Самое же интересное, что Баба Яга (в отличие от многих реальных земных людей) эту истину понимает, отпускает молодых, желает им счастья и таким образом, из отрицательного героя превращается в положительного!.. А где же поверженный злодей? Его внешне вроде бы и нет, но, по сути, это – эгоистическая составляющая любви, разжигающая войны от сотворения мира.
И всё же…
Почему именно Баба Яга стала героиней столь необычной сказки. Что это – вольная фантазия авторов или же в этом загадочном образе изначально был заложен потенциал метаморфозы?
Начала вспоминать, кто же такая Яга? Что это за сакральный образ? Порылась в справочниках, в Интернете.
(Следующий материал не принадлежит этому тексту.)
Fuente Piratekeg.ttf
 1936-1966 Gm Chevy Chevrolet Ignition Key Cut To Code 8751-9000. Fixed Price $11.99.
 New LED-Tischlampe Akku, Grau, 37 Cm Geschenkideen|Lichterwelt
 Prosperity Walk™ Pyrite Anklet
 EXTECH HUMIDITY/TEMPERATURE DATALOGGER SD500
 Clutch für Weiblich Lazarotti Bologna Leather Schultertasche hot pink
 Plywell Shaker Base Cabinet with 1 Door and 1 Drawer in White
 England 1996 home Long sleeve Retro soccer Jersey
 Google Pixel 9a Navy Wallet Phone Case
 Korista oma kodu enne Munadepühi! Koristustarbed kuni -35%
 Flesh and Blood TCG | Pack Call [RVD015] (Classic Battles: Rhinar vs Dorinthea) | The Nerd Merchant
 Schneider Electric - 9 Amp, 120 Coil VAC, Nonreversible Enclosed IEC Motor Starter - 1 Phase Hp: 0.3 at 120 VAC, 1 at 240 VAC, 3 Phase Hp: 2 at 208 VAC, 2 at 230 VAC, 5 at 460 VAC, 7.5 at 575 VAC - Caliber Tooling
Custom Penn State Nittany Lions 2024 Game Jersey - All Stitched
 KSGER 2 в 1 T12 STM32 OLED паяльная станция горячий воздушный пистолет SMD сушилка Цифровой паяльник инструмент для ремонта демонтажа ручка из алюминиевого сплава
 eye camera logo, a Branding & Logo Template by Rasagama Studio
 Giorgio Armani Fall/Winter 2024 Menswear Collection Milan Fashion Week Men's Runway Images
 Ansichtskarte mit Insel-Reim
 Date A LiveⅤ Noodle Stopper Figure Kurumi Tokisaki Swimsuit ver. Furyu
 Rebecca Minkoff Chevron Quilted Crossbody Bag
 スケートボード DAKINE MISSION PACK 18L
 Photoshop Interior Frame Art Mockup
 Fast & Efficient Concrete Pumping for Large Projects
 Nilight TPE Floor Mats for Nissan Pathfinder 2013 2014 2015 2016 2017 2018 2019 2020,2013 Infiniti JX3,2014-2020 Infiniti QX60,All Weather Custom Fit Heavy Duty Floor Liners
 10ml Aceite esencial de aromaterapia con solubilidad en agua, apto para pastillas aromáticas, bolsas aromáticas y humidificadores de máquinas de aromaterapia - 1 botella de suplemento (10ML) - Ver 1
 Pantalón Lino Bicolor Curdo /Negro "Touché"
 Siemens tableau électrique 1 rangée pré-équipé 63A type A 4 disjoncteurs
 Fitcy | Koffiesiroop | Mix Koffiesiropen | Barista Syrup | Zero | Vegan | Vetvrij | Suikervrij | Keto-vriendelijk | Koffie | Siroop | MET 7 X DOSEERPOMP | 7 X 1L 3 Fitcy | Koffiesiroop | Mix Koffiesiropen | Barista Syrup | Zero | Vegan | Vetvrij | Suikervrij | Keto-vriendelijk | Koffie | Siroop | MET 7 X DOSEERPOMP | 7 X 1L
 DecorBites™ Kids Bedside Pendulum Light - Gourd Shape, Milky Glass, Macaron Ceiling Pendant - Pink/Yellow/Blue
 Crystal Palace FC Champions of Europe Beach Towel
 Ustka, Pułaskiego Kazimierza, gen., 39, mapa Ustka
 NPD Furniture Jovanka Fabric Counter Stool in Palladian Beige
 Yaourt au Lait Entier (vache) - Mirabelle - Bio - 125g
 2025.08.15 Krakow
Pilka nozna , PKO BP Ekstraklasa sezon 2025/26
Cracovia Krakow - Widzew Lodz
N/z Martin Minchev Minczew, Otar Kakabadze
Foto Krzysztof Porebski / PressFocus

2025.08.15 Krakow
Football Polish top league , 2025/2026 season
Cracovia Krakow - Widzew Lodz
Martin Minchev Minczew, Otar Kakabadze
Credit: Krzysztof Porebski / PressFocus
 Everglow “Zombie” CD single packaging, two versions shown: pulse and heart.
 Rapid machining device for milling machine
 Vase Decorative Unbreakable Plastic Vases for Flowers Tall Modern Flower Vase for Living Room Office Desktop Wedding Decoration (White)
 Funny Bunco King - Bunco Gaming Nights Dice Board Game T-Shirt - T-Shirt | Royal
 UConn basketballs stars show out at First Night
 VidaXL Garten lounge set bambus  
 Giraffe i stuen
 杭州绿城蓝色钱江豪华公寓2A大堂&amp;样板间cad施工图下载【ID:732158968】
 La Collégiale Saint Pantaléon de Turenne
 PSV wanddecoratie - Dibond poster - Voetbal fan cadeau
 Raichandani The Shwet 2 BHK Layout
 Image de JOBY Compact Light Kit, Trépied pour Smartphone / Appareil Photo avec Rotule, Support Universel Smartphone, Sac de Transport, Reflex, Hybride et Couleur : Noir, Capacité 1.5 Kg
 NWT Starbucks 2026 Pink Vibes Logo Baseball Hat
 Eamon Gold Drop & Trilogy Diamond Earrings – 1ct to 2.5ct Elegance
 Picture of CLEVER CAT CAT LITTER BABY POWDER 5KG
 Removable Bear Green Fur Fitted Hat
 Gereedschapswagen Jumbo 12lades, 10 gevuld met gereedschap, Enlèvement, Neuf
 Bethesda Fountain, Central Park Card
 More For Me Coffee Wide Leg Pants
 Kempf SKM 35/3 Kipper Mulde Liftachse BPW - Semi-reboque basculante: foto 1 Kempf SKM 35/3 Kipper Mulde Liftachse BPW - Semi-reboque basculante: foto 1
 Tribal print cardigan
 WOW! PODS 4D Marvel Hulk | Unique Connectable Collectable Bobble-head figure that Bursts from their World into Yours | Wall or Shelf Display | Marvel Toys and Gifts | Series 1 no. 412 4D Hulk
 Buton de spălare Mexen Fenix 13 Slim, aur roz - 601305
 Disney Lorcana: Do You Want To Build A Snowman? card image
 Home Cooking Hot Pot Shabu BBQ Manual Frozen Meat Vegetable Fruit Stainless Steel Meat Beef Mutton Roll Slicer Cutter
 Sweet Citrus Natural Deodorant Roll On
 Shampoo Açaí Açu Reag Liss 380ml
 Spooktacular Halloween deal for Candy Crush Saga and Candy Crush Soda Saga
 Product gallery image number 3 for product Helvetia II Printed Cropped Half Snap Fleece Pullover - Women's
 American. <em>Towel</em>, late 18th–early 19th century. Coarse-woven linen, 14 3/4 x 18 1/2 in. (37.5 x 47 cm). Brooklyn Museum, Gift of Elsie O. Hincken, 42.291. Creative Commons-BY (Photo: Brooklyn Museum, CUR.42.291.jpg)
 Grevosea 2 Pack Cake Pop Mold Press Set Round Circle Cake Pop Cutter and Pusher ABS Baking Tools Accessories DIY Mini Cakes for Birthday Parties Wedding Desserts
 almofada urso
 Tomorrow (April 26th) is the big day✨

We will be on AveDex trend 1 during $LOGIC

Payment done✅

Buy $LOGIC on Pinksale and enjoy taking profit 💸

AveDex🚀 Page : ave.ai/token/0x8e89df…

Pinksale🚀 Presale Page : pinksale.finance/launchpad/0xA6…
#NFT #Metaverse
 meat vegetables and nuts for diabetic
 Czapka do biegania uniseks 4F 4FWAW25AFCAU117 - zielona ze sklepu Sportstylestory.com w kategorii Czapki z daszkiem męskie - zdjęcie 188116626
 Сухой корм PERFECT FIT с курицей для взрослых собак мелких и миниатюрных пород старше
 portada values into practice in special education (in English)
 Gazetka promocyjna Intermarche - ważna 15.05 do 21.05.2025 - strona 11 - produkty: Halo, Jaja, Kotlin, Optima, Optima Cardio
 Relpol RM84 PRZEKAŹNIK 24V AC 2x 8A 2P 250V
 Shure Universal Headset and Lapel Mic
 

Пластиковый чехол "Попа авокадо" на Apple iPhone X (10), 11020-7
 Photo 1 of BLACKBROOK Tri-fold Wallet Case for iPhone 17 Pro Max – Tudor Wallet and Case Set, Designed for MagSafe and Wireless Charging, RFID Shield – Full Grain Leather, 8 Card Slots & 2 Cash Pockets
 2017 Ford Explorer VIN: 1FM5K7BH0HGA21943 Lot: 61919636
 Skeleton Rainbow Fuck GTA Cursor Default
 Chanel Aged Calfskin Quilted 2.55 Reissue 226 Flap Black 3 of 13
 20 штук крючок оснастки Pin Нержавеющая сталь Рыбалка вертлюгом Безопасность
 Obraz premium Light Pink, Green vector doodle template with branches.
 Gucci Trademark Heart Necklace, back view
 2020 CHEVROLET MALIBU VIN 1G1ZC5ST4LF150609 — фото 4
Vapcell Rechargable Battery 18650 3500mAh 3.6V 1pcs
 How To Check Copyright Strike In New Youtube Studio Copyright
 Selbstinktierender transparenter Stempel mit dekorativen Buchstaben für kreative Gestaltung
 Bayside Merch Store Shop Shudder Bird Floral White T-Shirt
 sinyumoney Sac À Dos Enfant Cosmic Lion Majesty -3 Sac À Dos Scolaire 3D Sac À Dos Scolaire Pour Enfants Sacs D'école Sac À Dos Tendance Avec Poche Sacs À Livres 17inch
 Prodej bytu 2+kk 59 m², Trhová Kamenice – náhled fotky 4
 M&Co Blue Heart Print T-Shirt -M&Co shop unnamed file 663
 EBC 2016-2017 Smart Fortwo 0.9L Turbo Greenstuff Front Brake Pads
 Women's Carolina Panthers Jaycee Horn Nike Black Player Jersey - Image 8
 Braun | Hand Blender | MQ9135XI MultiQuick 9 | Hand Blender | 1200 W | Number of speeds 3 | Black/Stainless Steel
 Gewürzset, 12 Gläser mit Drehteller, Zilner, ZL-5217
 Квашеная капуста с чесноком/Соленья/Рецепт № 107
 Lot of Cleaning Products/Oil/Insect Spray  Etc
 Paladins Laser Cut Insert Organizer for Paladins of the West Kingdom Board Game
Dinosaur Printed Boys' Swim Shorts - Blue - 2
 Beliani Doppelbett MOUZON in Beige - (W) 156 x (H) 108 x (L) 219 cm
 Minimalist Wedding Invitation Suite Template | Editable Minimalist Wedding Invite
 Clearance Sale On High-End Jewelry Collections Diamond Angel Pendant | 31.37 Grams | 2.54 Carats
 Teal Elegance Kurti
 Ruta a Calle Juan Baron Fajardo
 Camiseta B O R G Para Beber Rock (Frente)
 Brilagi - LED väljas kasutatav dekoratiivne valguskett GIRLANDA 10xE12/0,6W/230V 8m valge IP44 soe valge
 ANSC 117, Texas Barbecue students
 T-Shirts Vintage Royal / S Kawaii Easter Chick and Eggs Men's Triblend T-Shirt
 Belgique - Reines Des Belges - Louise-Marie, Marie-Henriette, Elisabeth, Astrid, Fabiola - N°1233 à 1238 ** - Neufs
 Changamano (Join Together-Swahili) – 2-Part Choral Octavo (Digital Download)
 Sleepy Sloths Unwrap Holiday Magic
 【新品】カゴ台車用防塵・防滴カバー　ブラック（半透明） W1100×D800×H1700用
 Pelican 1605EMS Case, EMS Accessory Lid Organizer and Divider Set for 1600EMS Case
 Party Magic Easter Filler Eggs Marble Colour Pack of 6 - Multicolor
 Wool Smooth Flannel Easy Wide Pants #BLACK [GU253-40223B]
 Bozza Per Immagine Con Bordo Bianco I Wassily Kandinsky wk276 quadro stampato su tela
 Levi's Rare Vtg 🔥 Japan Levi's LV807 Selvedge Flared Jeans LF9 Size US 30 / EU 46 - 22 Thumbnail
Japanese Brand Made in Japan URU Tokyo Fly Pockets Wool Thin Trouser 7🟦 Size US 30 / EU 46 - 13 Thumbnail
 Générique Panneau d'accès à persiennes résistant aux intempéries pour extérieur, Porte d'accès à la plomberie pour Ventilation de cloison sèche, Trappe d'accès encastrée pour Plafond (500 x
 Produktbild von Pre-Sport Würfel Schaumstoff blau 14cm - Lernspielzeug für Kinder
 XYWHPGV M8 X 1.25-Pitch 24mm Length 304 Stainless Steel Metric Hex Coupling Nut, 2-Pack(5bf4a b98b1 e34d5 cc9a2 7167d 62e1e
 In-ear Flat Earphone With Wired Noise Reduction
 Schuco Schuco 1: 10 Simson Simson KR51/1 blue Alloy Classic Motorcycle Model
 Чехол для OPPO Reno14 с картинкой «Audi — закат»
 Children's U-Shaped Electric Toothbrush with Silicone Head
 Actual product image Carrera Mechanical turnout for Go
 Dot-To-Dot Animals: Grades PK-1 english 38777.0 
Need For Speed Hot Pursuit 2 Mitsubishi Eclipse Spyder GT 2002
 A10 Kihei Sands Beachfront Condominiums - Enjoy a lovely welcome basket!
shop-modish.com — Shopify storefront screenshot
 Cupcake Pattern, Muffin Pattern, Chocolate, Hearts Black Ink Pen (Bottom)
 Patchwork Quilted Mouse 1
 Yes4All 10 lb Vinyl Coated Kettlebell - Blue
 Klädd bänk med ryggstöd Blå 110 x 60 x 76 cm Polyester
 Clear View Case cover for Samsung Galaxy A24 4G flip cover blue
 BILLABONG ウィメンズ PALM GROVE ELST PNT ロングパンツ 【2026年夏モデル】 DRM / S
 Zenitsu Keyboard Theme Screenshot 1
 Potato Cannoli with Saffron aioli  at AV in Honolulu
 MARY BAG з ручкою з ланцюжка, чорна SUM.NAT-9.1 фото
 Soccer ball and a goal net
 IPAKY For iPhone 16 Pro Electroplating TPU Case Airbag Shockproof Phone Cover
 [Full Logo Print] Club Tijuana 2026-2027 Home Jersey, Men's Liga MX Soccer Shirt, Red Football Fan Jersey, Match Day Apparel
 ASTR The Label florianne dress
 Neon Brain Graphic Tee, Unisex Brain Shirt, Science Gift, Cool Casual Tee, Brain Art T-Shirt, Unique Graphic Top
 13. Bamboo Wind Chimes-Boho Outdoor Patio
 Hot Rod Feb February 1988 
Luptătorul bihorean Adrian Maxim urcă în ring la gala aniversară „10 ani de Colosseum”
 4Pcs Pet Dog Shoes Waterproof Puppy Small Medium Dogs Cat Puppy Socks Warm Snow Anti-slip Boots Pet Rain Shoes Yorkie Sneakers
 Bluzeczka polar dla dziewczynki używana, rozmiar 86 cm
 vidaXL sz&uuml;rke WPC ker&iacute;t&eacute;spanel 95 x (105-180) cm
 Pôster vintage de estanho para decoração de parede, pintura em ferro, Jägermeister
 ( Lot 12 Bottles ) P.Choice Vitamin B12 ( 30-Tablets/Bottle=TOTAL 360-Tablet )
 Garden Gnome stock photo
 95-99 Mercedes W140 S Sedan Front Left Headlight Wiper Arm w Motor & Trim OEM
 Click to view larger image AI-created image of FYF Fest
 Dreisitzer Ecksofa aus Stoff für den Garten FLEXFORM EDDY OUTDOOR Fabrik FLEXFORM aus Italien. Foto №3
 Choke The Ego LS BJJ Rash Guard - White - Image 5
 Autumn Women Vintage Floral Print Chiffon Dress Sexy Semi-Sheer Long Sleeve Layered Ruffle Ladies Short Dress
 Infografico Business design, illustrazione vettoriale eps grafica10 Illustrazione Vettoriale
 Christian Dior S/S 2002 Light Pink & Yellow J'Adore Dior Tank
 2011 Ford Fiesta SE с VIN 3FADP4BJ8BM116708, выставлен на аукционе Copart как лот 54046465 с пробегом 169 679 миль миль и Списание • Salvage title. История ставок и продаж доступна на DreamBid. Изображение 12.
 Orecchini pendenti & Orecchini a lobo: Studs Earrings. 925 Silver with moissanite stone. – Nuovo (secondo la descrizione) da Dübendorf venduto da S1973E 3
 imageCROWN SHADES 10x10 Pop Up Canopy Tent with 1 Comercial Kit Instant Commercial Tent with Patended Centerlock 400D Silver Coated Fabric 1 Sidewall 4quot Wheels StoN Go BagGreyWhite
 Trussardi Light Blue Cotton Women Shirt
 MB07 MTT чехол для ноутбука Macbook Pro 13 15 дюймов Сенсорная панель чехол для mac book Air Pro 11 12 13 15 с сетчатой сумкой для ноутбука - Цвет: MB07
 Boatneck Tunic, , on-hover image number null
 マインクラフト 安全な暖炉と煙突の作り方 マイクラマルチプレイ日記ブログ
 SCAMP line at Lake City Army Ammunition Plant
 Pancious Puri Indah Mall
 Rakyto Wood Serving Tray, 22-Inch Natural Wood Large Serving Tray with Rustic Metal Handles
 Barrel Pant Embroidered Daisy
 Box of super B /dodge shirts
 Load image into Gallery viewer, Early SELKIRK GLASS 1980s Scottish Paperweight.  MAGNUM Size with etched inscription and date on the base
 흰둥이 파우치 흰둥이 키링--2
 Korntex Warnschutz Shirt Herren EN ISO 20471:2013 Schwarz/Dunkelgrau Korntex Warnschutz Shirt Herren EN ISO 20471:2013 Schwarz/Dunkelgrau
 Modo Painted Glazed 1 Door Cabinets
Первое, довольно позднее упоминание определяется тем, что путешественники, впервые побывав в Сибири, оставили письменные свидетельства, у историков возник интерес к сказаниям, и, наконец, великий Афанасьев систематизировал устные предания. Основными переносчиками сказов были солдаты. И пошла Сибирская Яга гулять по земле, обрастая различными подробностями и делаясь равноправной участницей чуждых ей прежде событий.
 
«Почти столетие простояла в Белогорском капище у устья Иртыша золотая Яга-баба (от ненецкого "яха", хантыйского "яга, ягун, еган, югам, аган" – что на разных диалектах означает одно и то же: "река"), кукла, принимающая души умерших и хранящая их до тех пор, пока ей (душе) не найдется пристанище в новом теле.»
По другой интерпретации постоянное место обитания Яги – дремучий лес. Живет она в маленькой избушке на курьих ножках и является стражем на пересечении двух миров, живого и мертвого. Все действия Яги связаны с перевоплощением пришедшего к ней за помощью или заблудившегося, в другую ипостась, перенос его в царство мертвых. Для этого служат и угощение, и баня. 
 
Итак, образ Яги вовсе не так однозначен и прост, как привыкли думать взрослые, приходя на детский спектакль. 
М-да, стоило только чуть-чуть копнуть глубже и вместо однозначной злодейки, вредоносного лесного чудища, перед нами если не богиня, то жрица; ведущая героя к испытаниям и даже смерти, но отнюдь не из собственной корысти или злобного характера. 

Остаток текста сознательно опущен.